É um retrato do mundo. Basta ter um pouco de dinheiro, de fama, de carisma, e acusações graves de racismo, estupro e assédio não caem sobre a cabeça dessas pessoas.
"- Quando nós caímos, é queda livre."
E vai de micro-agressões, como comentários racistas, descrédito por qualquer coisa que personagens não brancos tentem fazer, misoginia velada; até as agressões que deixam cicatrizes emocionais e psicológicas, conforme os avisos de conteúdo no início do livro (estupro e assédio sexual).
Mas ainda que seja um cenário desolador, não é vazio de esperança. Porque Caindo de Paraquedas mostra a força dessas garotas. Mostra que, apesar das injustiças e do sistema falho, ainda dá pra falar. Ainda tem espaço para levantar a voz. Elas não estão sozinhas, e nunca vão estar.
O nome do livro, aliás, tem uma conexão muito legal com a questão dos Paraquedistas - que são os adolescentes imigrantes que vêm participar do programa de estudos nessa escola.
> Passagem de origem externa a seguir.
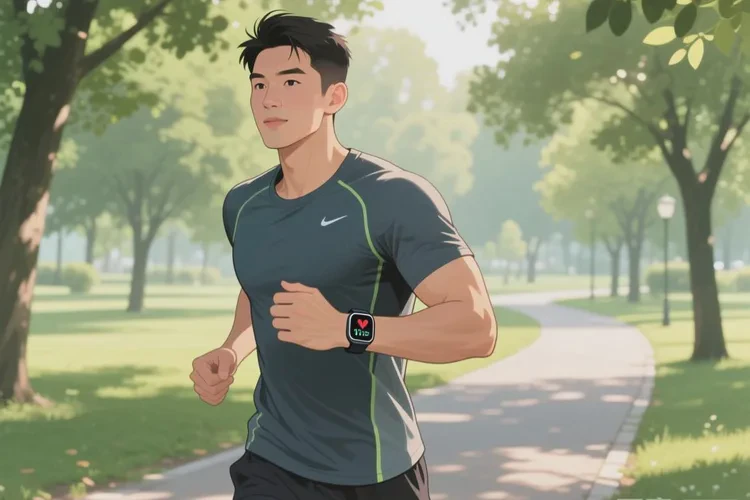 28岁早上空腹血糖4点0是怎么回事(图2)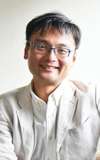 Chien Shih-Keng
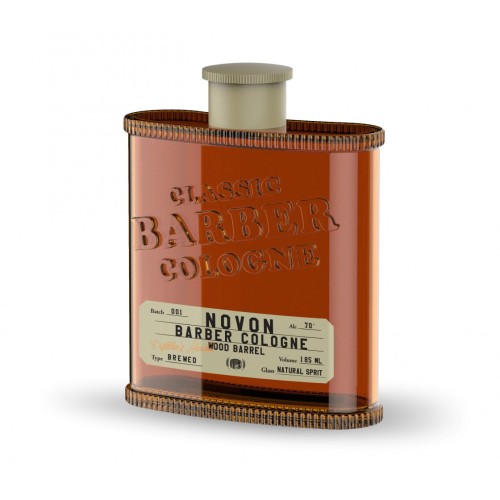 novon-classic-barber-cologne-wood-barrel-150ml.jpg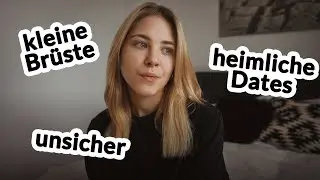 Heimliche Dates, Einsamkeit & unruhig | Eure Gerüchte über mich
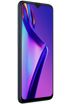 Oppo A12s kliknij aby zobaczyć powiększenie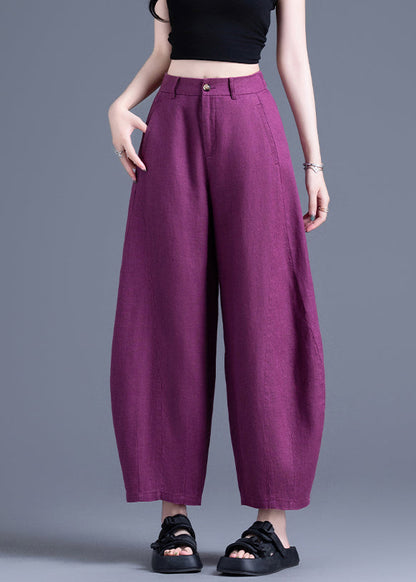 Elegantly Styled Pants for Everyday Wear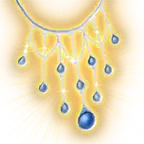 Amulette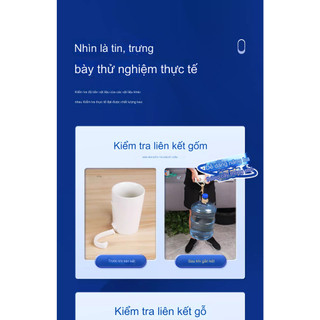 Tuýp Keo Dán 2 Thành Phần AB Epoxy 16gr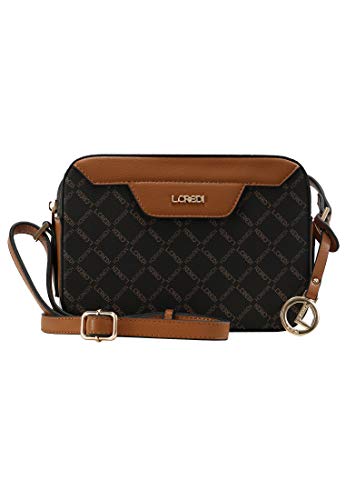 L.CREDI Handtasche Filiberta L.CREDI Handtasche Filiberta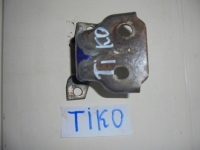 Петля двери, DAEWOO, TICO, F8C, R, L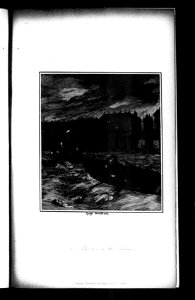 Bentley's Miscellany, Vol. 5-0134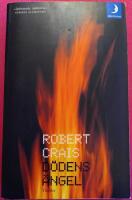 D&ouml;dens &auml;ngel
O que significa ser um Paraquedista, e o que significa viver caindo de paraquedas, é essencial para a jornada da protagonista que literalmente cai ali de paraquedas, e a que é forçada a pular.
A edição da Naci tá linda. Eu adorei a capa brasileira (a arte é bem mais bonita que a gringa!), gostei dos detalhes da diagramação, que é confortável pra leitura. A tradução de Ana Beatriz Omuro ficou excelente!
Caindo de Paraquedas é um livro forte sobre resistência. Fala sobre juventude e os perrengues de pessoas não brancas ocupando espaços que, até então, "pertenciam" aos brancos. Fala sobre diferença de classe, opressão financeira e misógina, e termina num tom agridoce que dá esperança num cenário até então injusto.